# Problem requirements:
Word for word, restate the lines from the one holding "Burberry ceinture réversible" through the last line of the material below, and leave every picture out.

# Supplied entries:
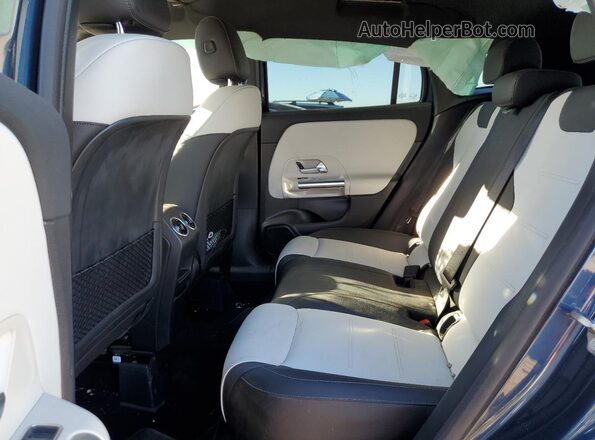 W1N4N4HB9MJ245582 2021 MERCEDES-BENZ GLA Blue უკანა სავარძლების ხედი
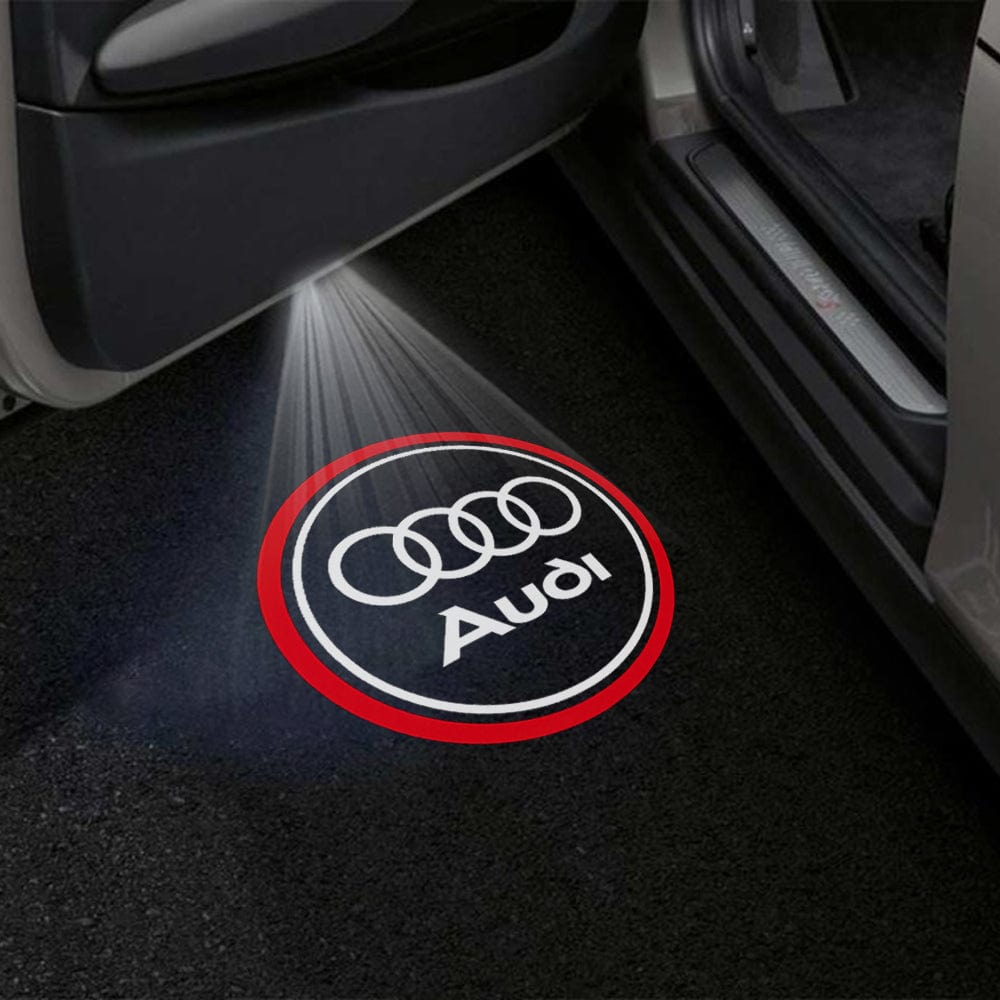 Audi A2 Premium Door Puddle Lights Various Designs 2000–2005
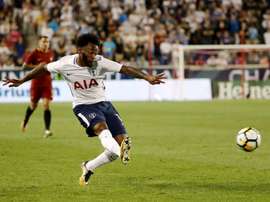 N'Koudou is of interest to Stade Rennais. AFP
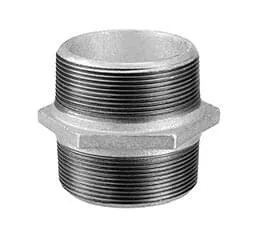 Niple Duplo Galvanizado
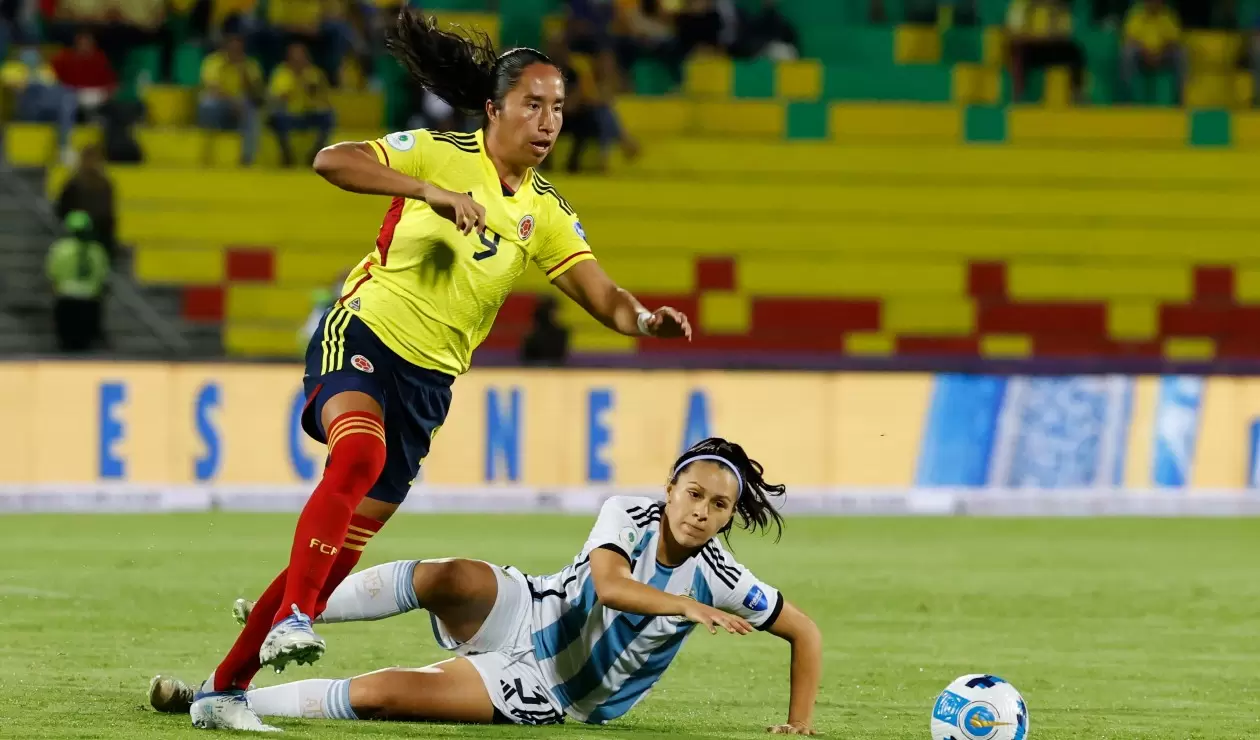 Colombia vs Argentina - Copa América Femenina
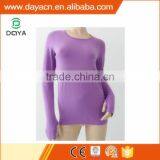 Women's Suitable Soft Long Sleeve T-shirt Seamless Long Sleeve T-shirt thumbnail-1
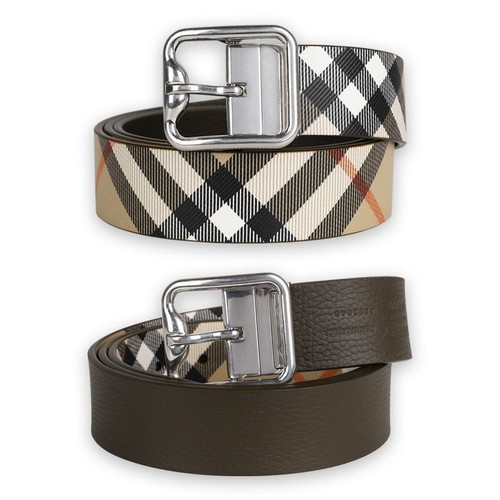 Burberry ceinture réversible - ceinture,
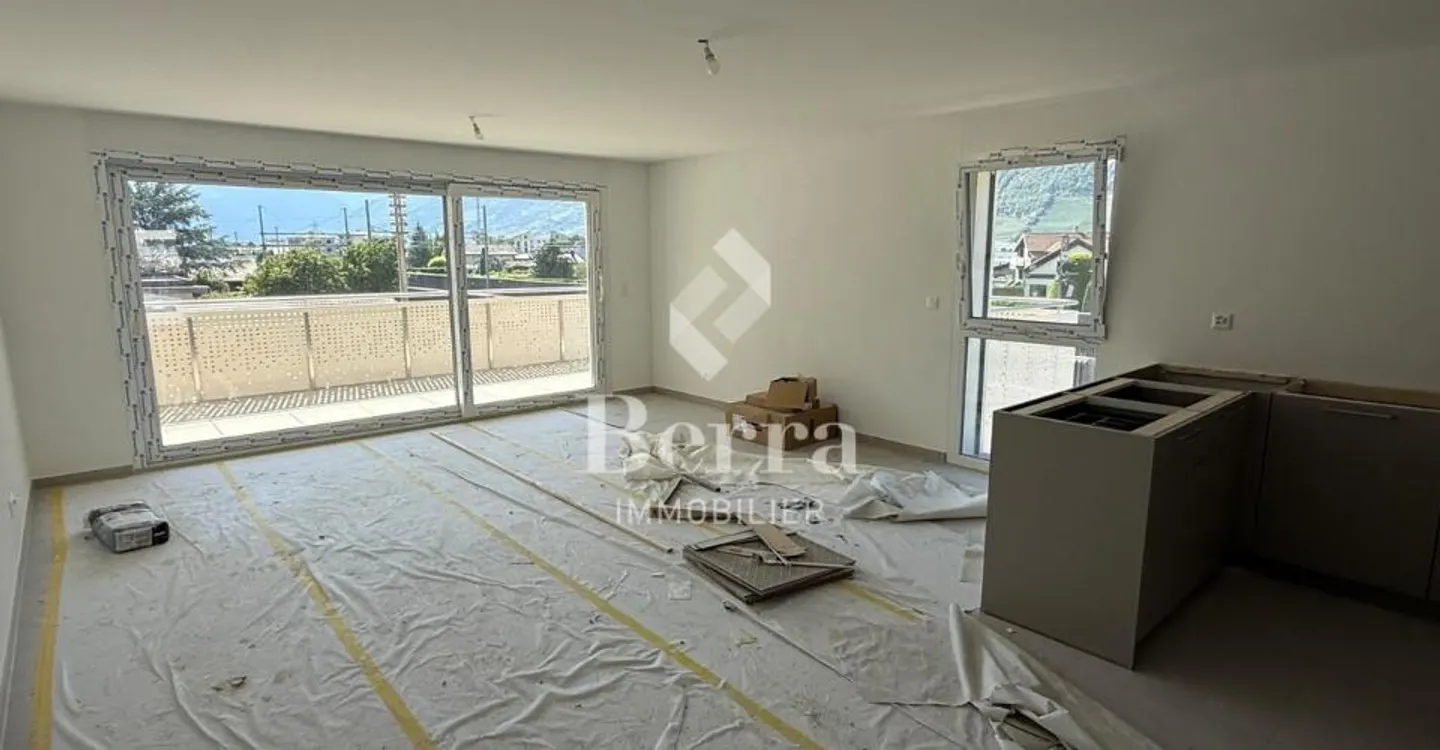 Appartement spacieux 4.5 pièces - Photo 3 sur 12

# Your solution:
 Burberry ceinture réversible - ceinture,
 Appartement spacieux 4.5 pièces - Photo 3 sur 12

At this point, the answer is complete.